### Data:
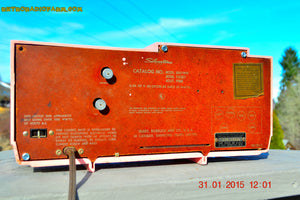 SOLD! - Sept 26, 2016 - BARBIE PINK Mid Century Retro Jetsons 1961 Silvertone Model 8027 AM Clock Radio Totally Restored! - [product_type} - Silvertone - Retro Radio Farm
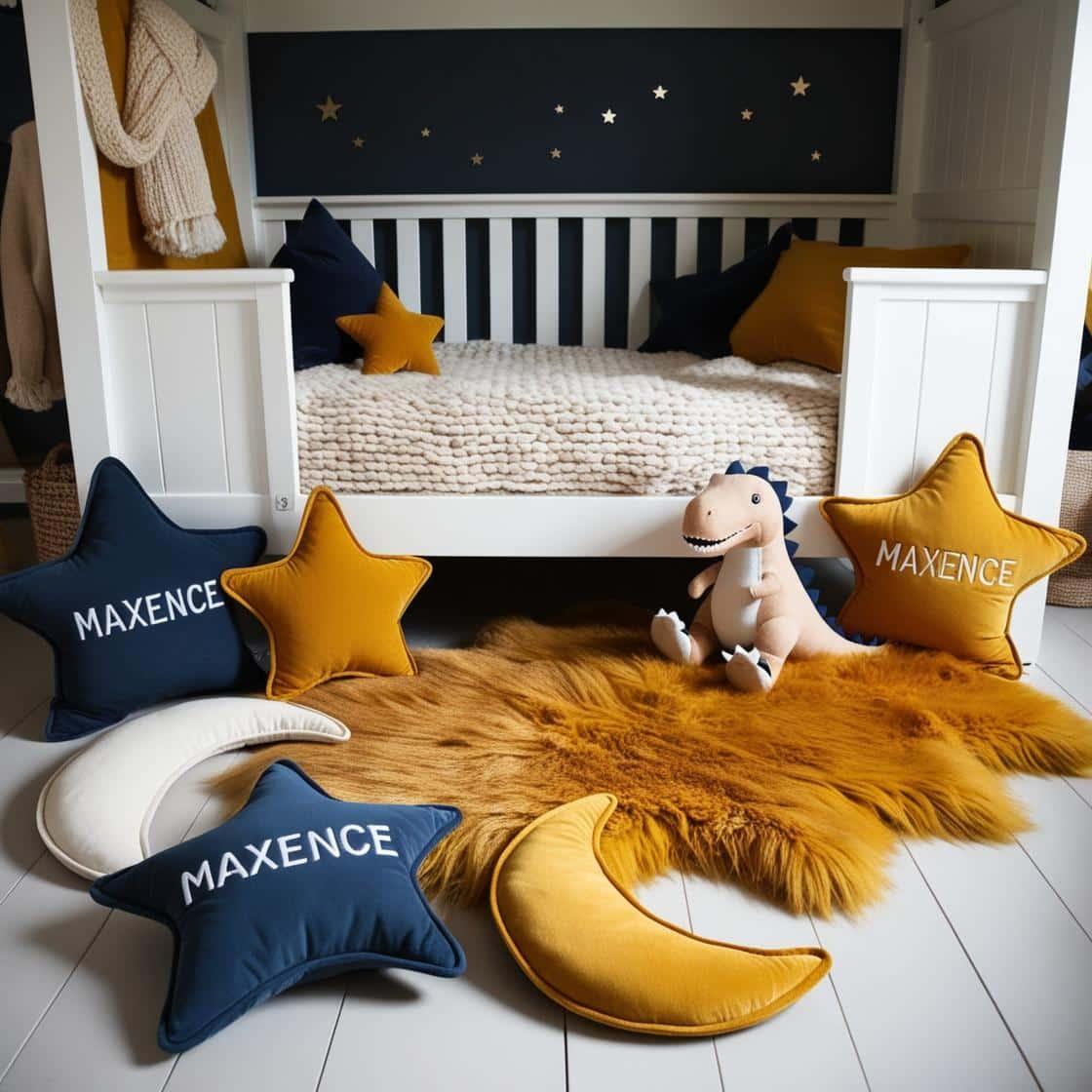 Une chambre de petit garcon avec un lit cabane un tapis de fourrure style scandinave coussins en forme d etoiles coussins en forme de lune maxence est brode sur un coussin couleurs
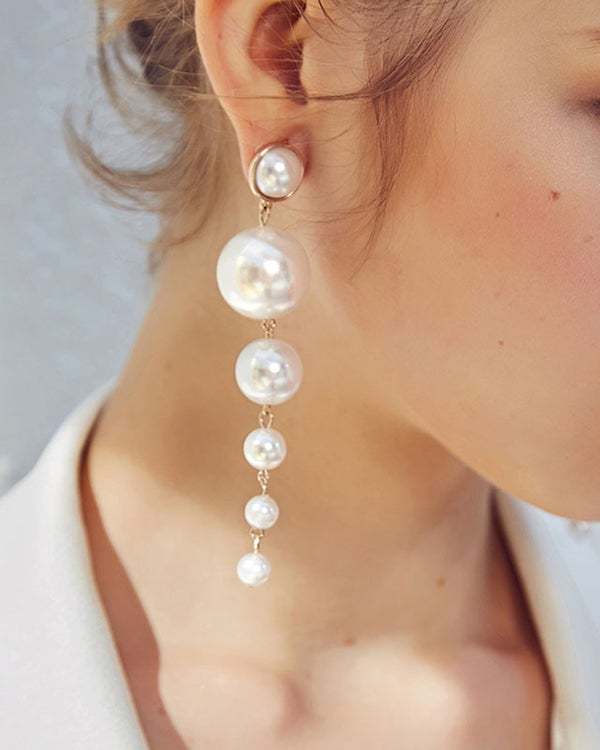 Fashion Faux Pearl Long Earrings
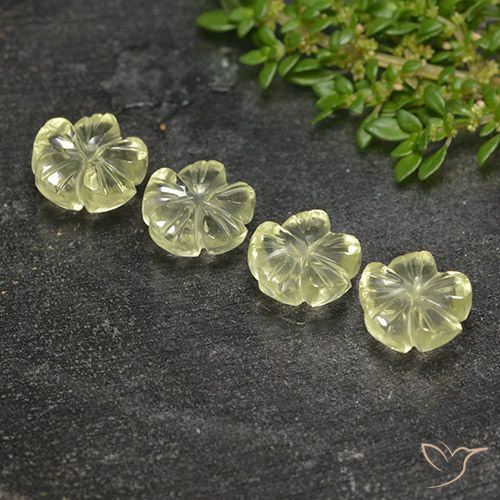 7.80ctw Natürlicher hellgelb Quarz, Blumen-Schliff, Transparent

### Exercise:
Starting at the line that holds "Fashion Faux Pearl Long Earrings", repeat every line through the end of the listing exactly as written, skipping any picture.

### Exercise result:
 Fashion Faux Pearl Long Earrings
 7.80ctw Natürlicher hellgelb Quarz, Blumen-Schliff, Transparent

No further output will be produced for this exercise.